To ensure customer satisfaction Citibike needs to predict how many bicycles will be needed at each station. Maintenance teams from Citibike will check each station and repair or replace bicycles. Additionally, the team will relocate bicycles between stations based on predicted demand. The business needs to be able to run reports of how many bicycles will be needed at a given station on a given day.

## End-to-End Pipeline
In this section of the demo, we consolidate all previous steps for a full, end-to-end pipeline for incremental ingest, feature engineering, training, prediction, and evaluation.

This will be integrated into **our company's orchestration framework** but showing it all in one place will allow our dev ops team to implement it. 

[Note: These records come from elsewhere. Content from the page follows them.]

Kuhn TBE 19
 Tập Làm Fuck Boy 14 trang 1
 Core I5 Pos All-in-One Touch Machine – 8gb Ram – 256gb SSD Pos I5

For this demo flow we will assume that the organization has the following **policies and processes** :   
-**Dev Tools**: The ML engineer can develop in their tool of choice (ie. VS Code, IntelliJ, Pycharm, Eclipse, etc.).  Snowpark Python makes it possible to use any environment where they have a python kernel.  For the sake of a demo we will use Jupyter.  
-**Data Governance**: To preserve customer privacy no data can be stored locally.  The ingest system may store data temporarily but it must be assumed that, in production, the ingest system will not preserve intermediate data products between runs. Snowpark Python allows the user to push-down all operations to Snowflake and bring the code to the data.   
-**Automation**: Although the ML engineer can use any IDE or notebooks for development purposes the final product must be python code at the end of the work stream.  Well-documented, modularized code is necessary for good ML operations and to interface with the company's CI/CD and orchestration tools.  
-**Compliance**: Any ML models must be traceable back to the original data set used for training.  The business needs to be able to easily remove specific user data from training datasets and retrain models. 

Input: Set of python functions from the Data Engineer, Data Scientist, and ML Engineer.  
Output: N/A

In [None]:
files_to_download = ['202003-citibike-tripdata.csv.zip']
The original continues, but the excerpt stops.